*TASK STATEMENT:* Copy every entry as is. Leave images out.

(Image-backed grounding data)
"""
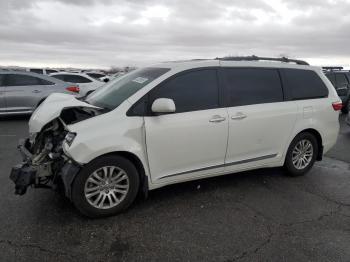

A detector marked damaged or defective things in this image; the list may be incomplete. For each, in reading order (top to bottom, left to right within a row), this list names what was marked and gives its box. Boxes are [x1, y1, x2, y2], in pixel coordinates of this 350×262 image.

crumpled hood [28, 93, 99, 133]
damaged front bumper [9, 138, 81, 198]
damaged front end [8, 101, 103, 198]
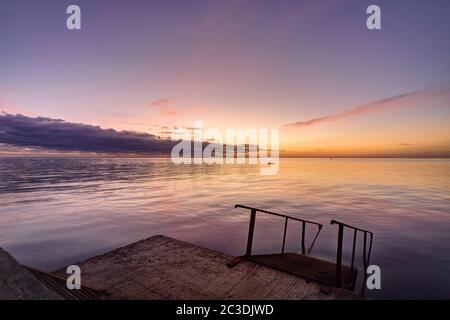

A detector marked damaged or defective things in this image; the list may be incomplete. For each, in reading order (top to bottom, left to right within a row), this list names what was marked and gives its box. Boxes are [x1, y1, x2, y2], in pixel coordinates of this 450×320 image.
"""
*EXPECTED ANSWER:*
A detector marked damaged or defective things in this image; the list may be incomplete. For each, in reading order (top to bottom, left to right within a row), this list names what was marked and gives its box. Boxes are [x1, y1, x2, y2], in pixel coordinates of this 350×262 image.

crumpled hood [28, 93, 99, 133]
damaged front bumper [9, 138, 81, 198]
damaged front end [8, 101, 103, 198]

A detector marked damaged or defective things in this image; the list may be incomplete. For each, in reading order (top to bottom, left to right within a row), this list names what was marked and gives its box. Boxes are [x1, y1, x2, y2], in pixel coordinates of this 450×320 image.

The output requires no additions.